I personally have recently been shooting with a 1950’s Contax IIa rangefinder body + 2000’s Voigtlander SC-Skopar 35mm 1:2.5 lens combo. (Yep, a modern lens made for a vintage body. How cool is that?) I load it up with Fuji Neopan ASA 400 film shot at either box speed or pushed to ISO 1600.
I also have the Canon GIII QL17 as a backup body. I have shot with a Yashica Electro 35 GSN, several Yashica/Contax film SLRs, film point & shoot compacts and a Yashica TLR. A rare Yashica Electro 35 CC from a friend (more on this in the future) and a couple of Polaroid bodies are currently on their way and I intend to use them in the street too.
Again, this is my personal preference. Whatever you choose to shoot with, it’s all up to you.
The Digital SLR and Street Photography
The dSLR is so recognizable that people tend to equate it to professional photography. Needless to say, it intimidates a potential subject. Also, it easily attracts robbers. These, as well as other things, pose a big problem for an aspiring street photographer.
Fret not, dSLR owners. With the proper technique and attitude, you can use the dSLR in street photography. May I offer a couple or more of my unsolicited advice? Some of these apply for non-dSLR photographers too.
- Gaffer’s tape! Cover any logo on your camera with it and be amazed at how your dSLR suddenly disappears like a ninja.
- Wear something casual and comfortable. You don’t want to attract attention and you’ll be doing a lot of walking and standing around. Try to blend in with the crowd.
- For Pete’s sake, don’t use flash.
- Act like you know what you’re doing.
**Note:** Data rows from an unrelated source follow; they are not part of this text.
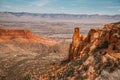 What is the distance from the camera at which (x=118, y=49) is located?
3238cm

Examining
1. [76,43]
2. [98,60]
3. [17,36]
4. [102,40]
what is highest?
[102,40]

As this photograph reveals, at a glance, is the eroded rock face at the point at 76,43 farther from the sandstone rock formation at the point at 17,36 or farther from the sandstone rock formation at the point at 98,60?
the sandstone rock formation at the point at 17,36

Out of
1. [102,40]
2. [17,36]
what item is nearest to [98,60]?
[102,40]

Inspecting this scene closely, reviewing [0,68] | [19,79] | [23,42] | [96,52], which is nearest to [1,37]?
[23,42]

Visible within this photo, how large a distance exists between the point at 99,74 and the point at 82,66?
2906 millimetres

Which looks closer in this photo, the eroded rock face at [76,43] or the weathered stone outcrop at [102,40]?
the weathered stone outcrop at [102,40]

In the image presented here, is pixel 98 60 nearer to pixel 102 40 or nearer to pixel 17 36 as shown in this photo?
pixel 102 40

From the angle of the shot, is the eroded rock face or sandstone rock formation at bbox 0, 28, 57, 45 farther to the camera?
sandstone rock formation at bbox 0, 28, 57, 45

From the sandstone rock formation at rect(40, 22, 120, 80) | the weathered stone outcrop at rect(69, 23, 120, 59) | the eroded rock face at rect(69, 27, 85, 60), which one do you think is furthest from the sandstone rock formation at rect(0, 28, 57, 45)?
the sandstone rock formation at rect(40, 22, 120, 80)

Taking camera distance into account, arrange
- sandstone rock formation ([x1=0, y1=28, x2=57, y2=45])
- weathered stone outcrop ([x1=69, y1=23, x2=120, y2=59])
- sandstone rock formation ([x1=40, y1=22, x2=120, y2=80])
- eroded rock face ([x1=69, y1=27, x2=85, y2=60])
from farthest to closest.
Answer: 1. sandstone rock formation ([x1=0, y1=28, x2=57, y2=45])
2. eroded rock face ([x1=69, y1=27, x2=85, y2=60])
3. weathered stone outcrop ([x1=69, y1=23, x2=120, y2=59])
4. sandstone rock formation ([x1=40, y1=22, x2=120, y2=80])

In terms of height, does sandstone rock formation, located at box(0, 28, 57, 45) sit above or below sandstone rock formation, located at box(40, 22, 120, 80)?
below

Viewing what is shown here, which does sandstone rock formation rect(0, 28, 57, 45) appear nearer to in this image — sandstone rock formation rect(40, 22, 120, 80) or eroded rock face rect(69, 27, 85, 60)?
eroded rock face rect(69, 27, 85, 60)

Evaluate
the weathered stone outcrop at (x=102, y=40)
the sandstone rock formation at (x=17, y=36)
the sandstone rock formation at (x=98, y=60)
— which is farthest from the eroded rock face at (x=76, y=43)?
the sandstone rock formation at (x=17, y=36)

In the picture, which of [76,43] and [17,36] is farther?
[17,36] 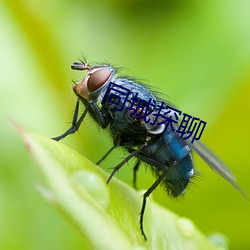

Don’t do anything that might be perceived as stalker-ish.
- Street photography doesn’t necessarily require you to be always on the move. You can just stay still and let the scenes unfold around you.
- Shoot with a buddy or a group. Strength in numbers. It wards away the robbers.
- Smile! Smile! Smile! A simple smile of acknowledgement can do wonders to help ease an agitated subject.
- When in the face of danger, walk away.
- Choose a location with a sizeable amount of crowd. Better if there are law enforcement officers around.
- Turn off your LCD preview. Not only does it simulate the experience of shooting with film. It also keeps your eyes dead set on your surroundings, either to pounce on a great scene or to watch out for dangers that may threaten you.
- Use a wide angle lens. The wide angle of view can help you point the camera a few inches away from your subject while still keeping them near the edge of the frame. You get your shot, the subject won’t notice. Again, there are people who are against this approach. Or…
- Use a telephoto. The distance will be less intimidating to subjects. You gotta admit though, it’s kind of a creepy way to do things. Or…
- You can ask for one’s permission to photograph him or her.
STREET PHOTOGRAPHY: FINAL THOUGHTS
What I’ve discussed here is but a fraction of what street photography is. I encourage you to read a lot about it, its history, the master street photographers, the cameras, the techniques, the ideologies. There’s a wealth of knowledge out there. The Internet is your best friend.
One thing I love about photography in general is you will never stop learning something new.
I wanted to discuss some techniques here but the post has gotten too long. Maybe next time. Let me give you another suggestion instead.
A pretty good technique you can learn next is focusing without even looking through the viewfinder. Look these up: zone focusing, depth of field, pre-focusing and hyperfocal focusing. Try them out and watch the magic unfold.
I guess that’s it for now. Live life, shoot street!